(Beginning of Input data)
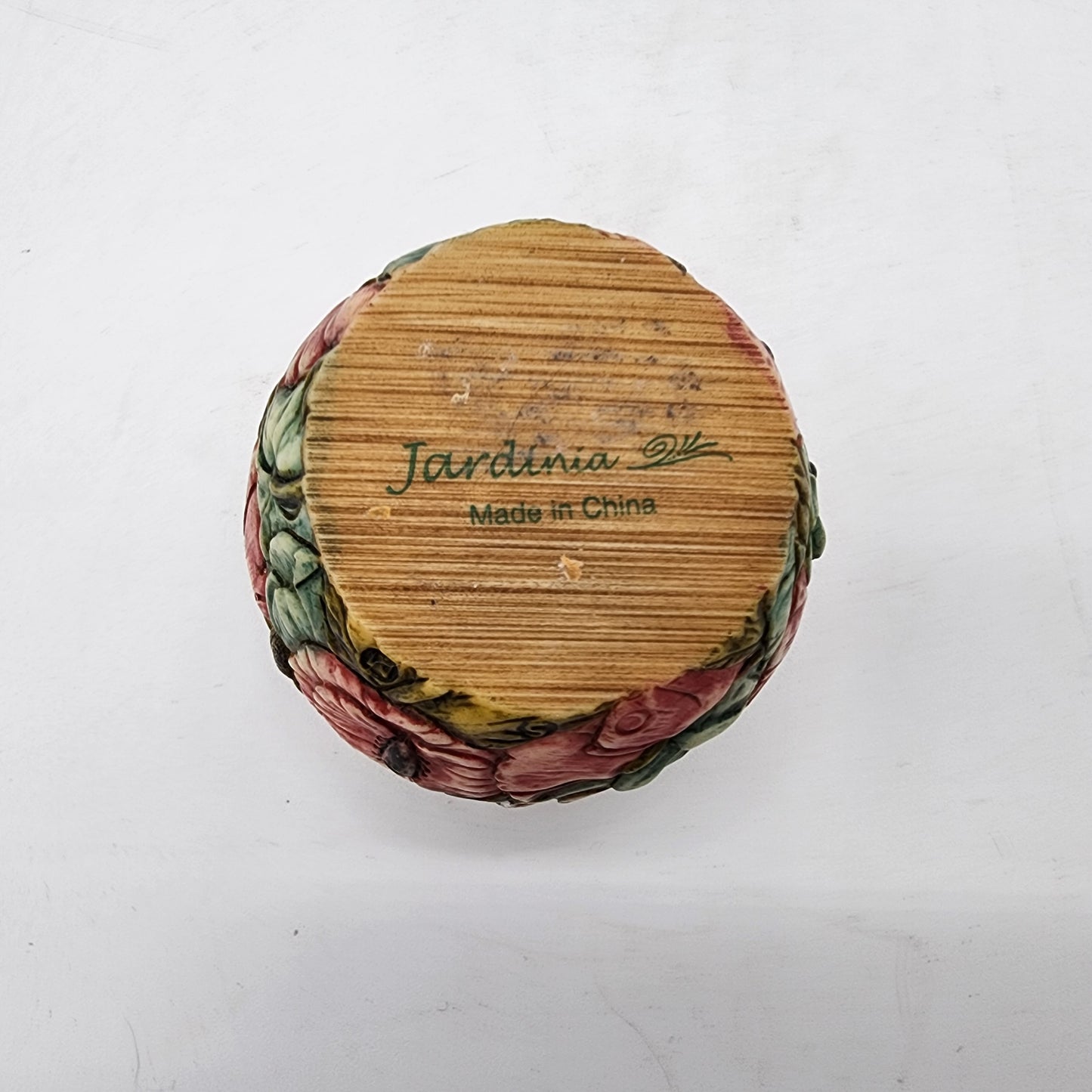 Jardinenia Trinket Box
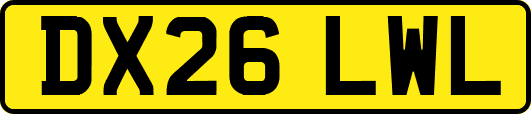 DX26LWL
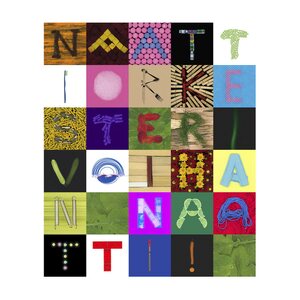 Naattiorkesteri – Voihan naatti! LP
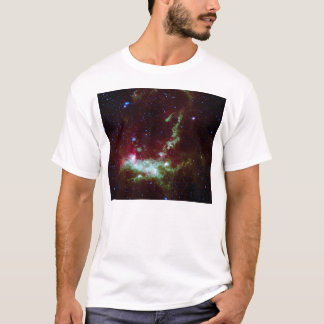 宇宙の生死 Tシャツ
(End of Input data)
**Your instructions**
Restate the whole listing exactly as written, minus the pictures.

**Output**
 Jardinenia Trinket Box
 DX26LWL
 Naattiorkesteri – Voihan naatti! LP
 宇宙の生死 Tシャツ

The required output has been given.